Prompt. With the pictures removed, write out the full listing below exactly.

Data excerpt.
..............................
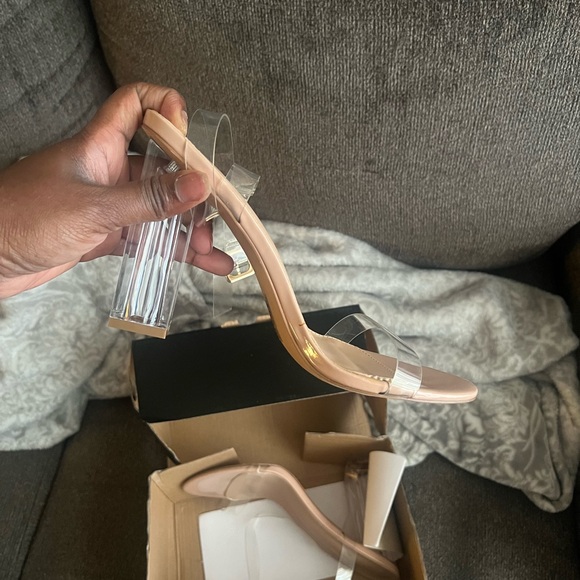 SEVERAL Never worn thigh high heels booties + a purse. 8.5-9 - Picture 6 of 13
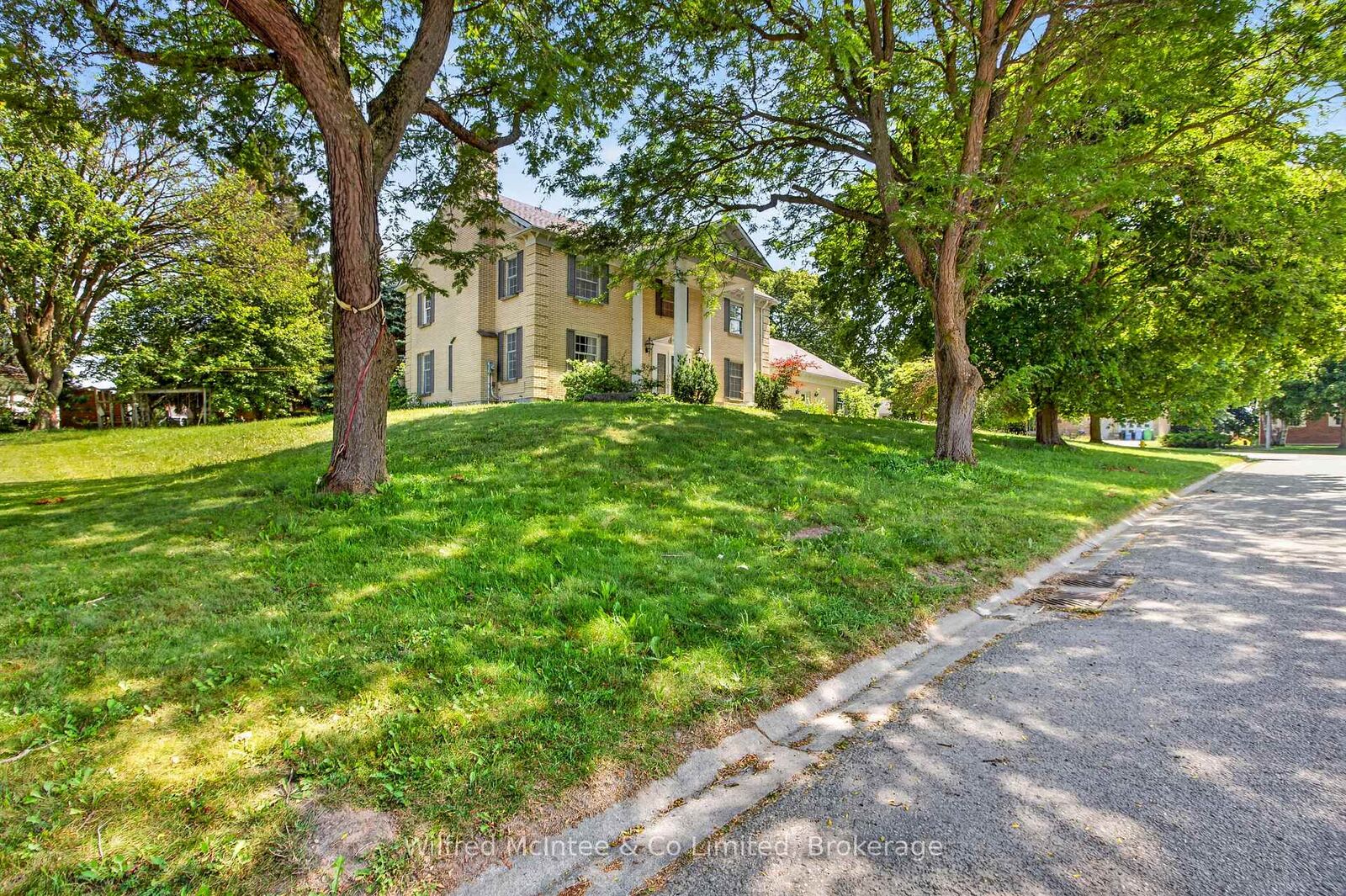 Property Photo:  1 Remington Drive  ON N0G 2W0 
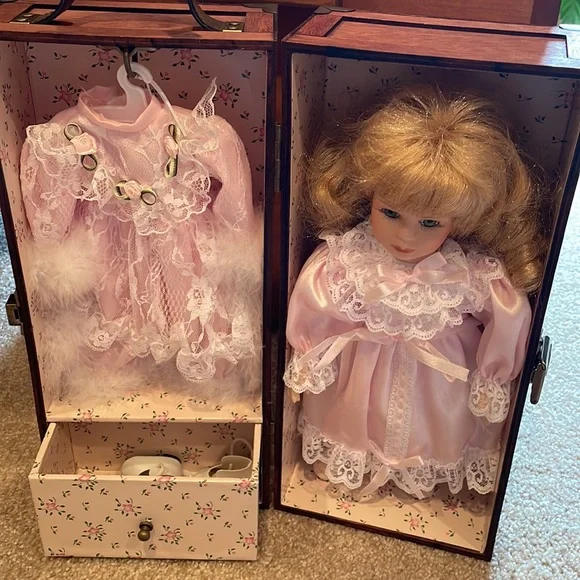 Porcelain doll in carrying crate. Additional dress, shoes and hanger. NWOT. - Picture 3 of 13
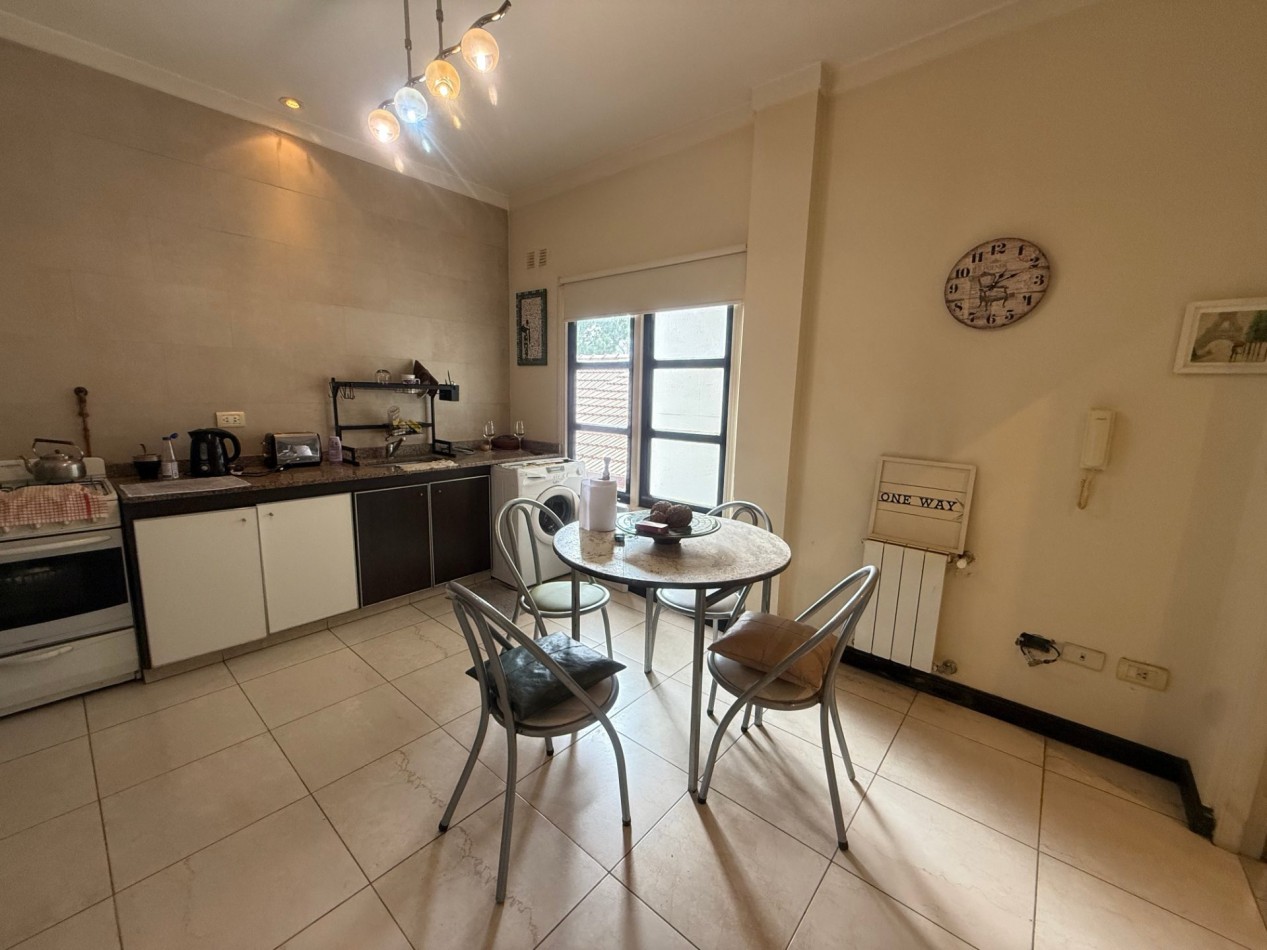 VENTA PISO COMPLETO 4 AMBIENTES APTO CREDITO - GRAN OPORTUNIDAD EN BARRIO LA PERLA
..............................
Exercise response.
 SEVERAL Never worn thigh high heels booties + a purse. 8.5-9 - Picture 6 of 13
 Property Photo:  1 Remington Drive  ON N0G 2W0 
 Porcelain doll in carrying crate. Additional dress, shoes and hanger. NWOT. - Picture 3 of 13
 VENTA PISO COMPLETO 4 AMBIENTES APTO CREDITO - GRAN OPORTUNIDAD EN BARRIO LA PERLA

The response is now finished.